Versetzungen

Versetzungen. (Redende Künste) Es gibt auch in ausgebildeten Sprachen, die schon festgesetzte Regeln der Wortfügung haben, allemal noch viel Redesätze, wo die Ordnung der Wörter ohne Veränderung des Sinnes, verändert werden kann. Haller sagt von der Jugend:

Die sanfte Glut der Wollust wärmt ihr die Adern auf Ihrer Lüste Lauf hemmt kein Einfall der Vernunft. oder so:

Ihr wärmt die sanfte Glut der Wollust die Adern auf Den Lauf ihrer Lüste hemmt kein Einfall der

         Vernunft.

Veränderung der Ordnung der Worte, werden Versetzungen genannt. Es gibt aber Versetzungen, die den Sinn ändern. Wenn der erste der angeführten Verse so versetzt würde:

Wärmt der Wollust sanfte Glut ihr die Adern auf so würd es dem Satz seine absolut bejahende Bedeutung benehmen und ihn zu einer Frag oder zu einem bedingten Satze, Wenn ihr die Wollust etc. machen.

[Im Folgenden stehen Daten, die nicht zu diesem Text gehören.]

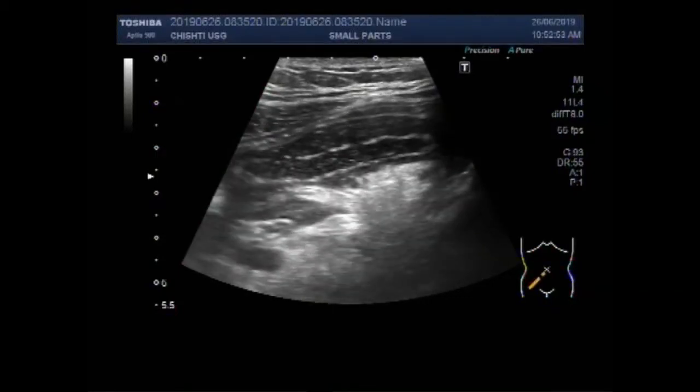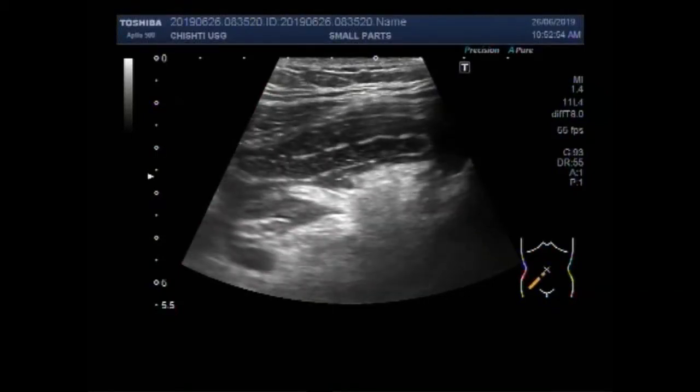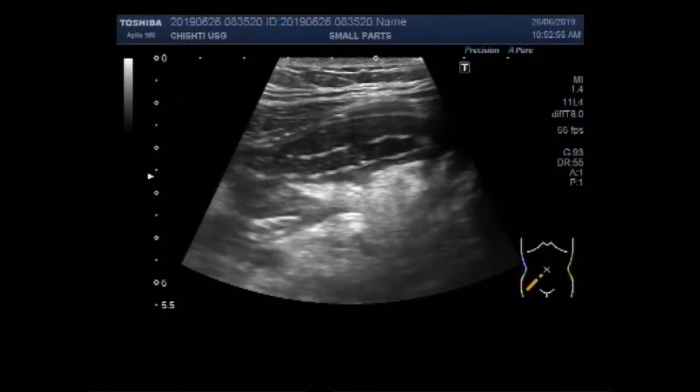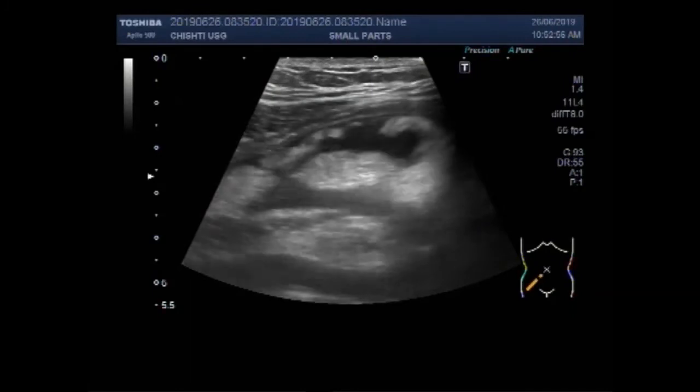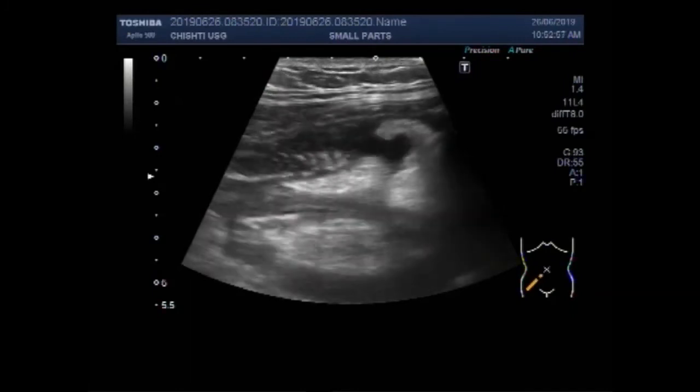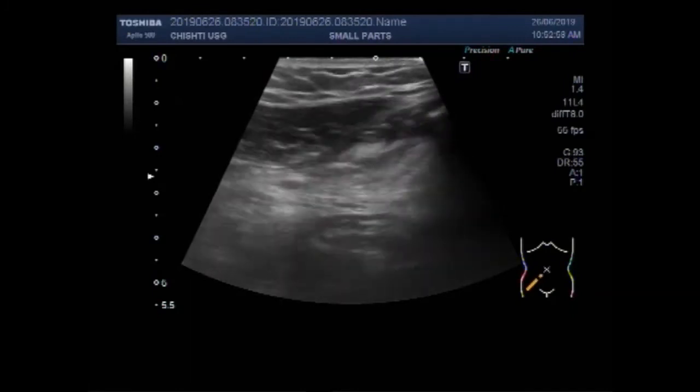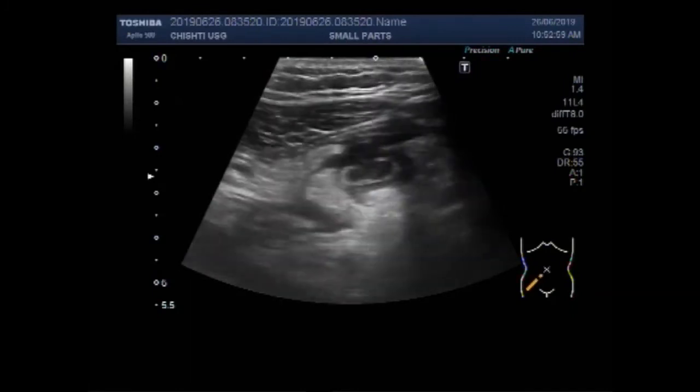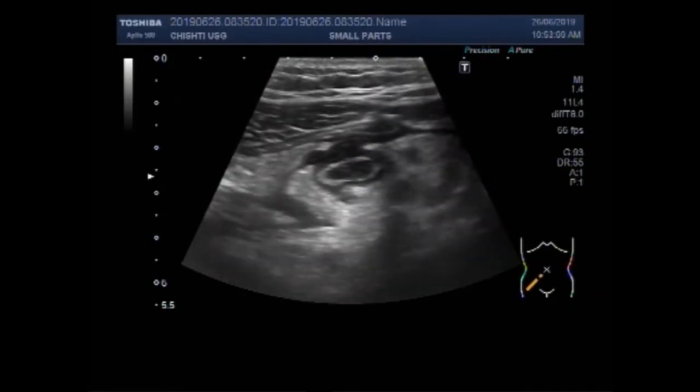Dear viewers, I hope you are all fine. This ultrasound video shows a case of acute appendicitis.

Andere Versetzungen aber ändern den Sinn nicht, sie geben ihm nur eine verschiedene Wendung. Derselbe Gedanken bekommt in dieser Stellung

Der Wollust sanfte Glut wärmt ihr die Adern auf eine andere Wendung als in dieser:

 Die Adern wärmt ihr die sanfte Glut der Wollust auf.

Nach der ersten Wortfügung ist die Wollust, der Hauptbegriff, auf den es hier ankommt; und der Sinn ist so gewendet, dass man zuerst die Ursache, denn ihre Stärke und zuletzt ihre Wirkung sich vorstellen muss. Nach der anderen wird die Wirkung als die Hauptsache zuerst vorgestellt, danach ihre Ursache angezeigt.

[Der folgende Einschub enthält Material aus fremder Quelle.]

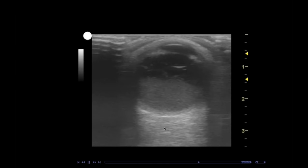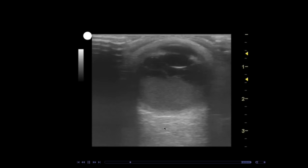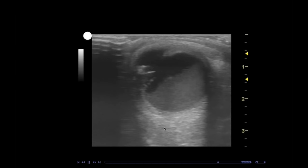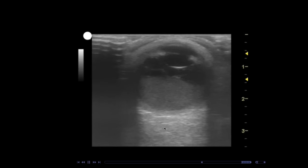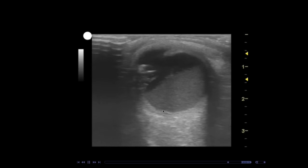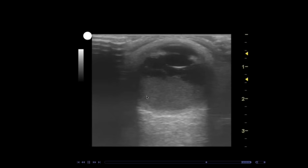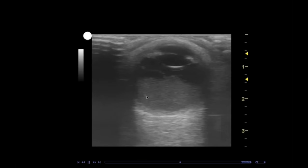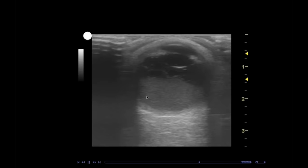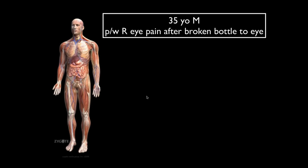Vitreous hemorrhage should be thought of as a spectrum: vitreous hemorrhage can lead to posterior vitreous detachment, then retinal tear, then retinal detachment. As blood fills the vitreous chamber, the vitreous can shrink and detach, causing posterior vitreous detachment, which can in turn cause a retinal tear. About a third to nearly half of retinal tears go on to develop retinal detachments. In this case, ophthalmology was called, the supratherapeutic INR was reversed, FFP was given, and she was observed — she did fine.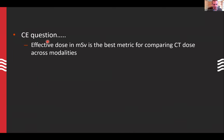This is my last CE question: effective dose in millisieverts is the best metric for comparing CT dose across modalities.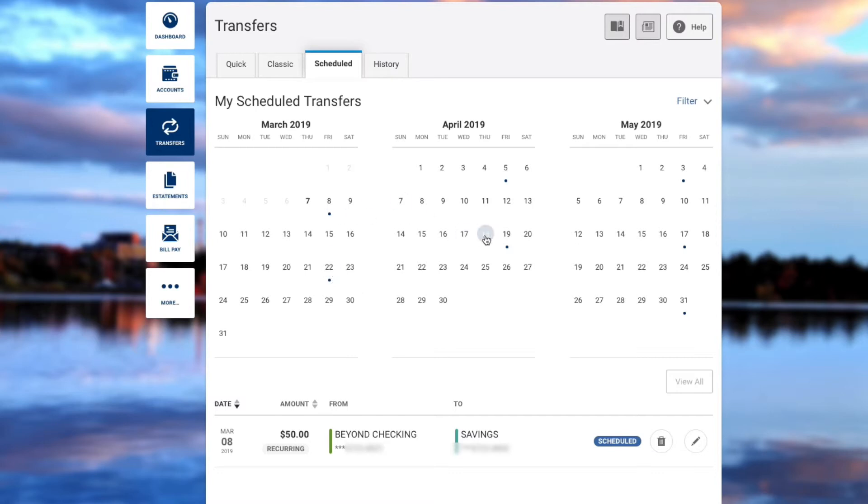Here you'll see a confirmation of your upcoming transfers, and you'll see the dates on which they're scheduled to take place.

 Dergleichen Versetzungen haben aber nur statt, insofern sie den grammatischen Regeln der Wortfügung nicht entgegen sind; denn wenn sie dieses wären, so würden sie anstößig sein. Man kann, ohne barbarisch zu reden, anstatt: Gestern ist er bei mir gewesen, nicht sagen: bei mir gestern ist er gewesen, wohl aber, er ist gestern bei mir gewesen.

 Ungrammatische Versetzungen sind überall zu vermeiden; weil sie in jeder Rede dem Ohr anstößig werden. Aus den Versetzungen aber, die ohne Verwirrung des Sinnes und ohne Beleidigung des Gehörs können vorgenommen werden, ziehen die redenden Künste so große und so mannigfaltige Vorteile, dass eine Sprache zur Beredsamkeit und Dichtkunst um so viel tauglicher ist, je mannigfaltigere Versetzungen sie zulässt.

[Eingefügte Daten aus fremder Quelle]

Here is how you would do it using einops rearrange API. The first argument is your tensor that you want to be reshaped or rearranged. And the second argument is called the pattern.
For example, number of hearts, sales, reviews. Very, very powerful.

 Es gibt Versetzungen die bloß den Wohlklang befördern, einen Satz leicht und wolfließend, und eine ganze Periode wohlklingend machen.

 Auch wird oft ein Redesatz bloß durch Versetzung zum Vers, ohne sonst irgend einen anderen Ton oder eine andere Wendung anzunehmen. Es ist dem Sinne nach vollkommen gleichgültig zu sagen: Jeder bringt den Mutterwitz auf die Welt; der Schulwitz wird nur durch Bücher gegeben oder: Den Mutterwitz bringt jeder auf die Welt, Der Schulwitz wird durch Bücher nur gegeben. Andremale dienen sie zum Nachdruck und zur Lebhaftigkeit der Rede:

 Was wahre Tugend ist, wird nie der Pöbel kennen.

ist weit lebhafter als dieses: Der Pöbel wird nie kennen, was wahre Tugend ist.

  Bisweilen geben sie der Rede den feurigen oder feierlichen poetischen Ton, der uns mit großem Nachdruck rührt. Hagedorn sagt im Ton der edelsten Begeisterung:

Verlohren ist der Tag und schändlich sind die

Stunden Die, wenn wir fähig sind, Bedrängten beizustehn, Beim Anblick ihres Harms uns unempfindlich sehn.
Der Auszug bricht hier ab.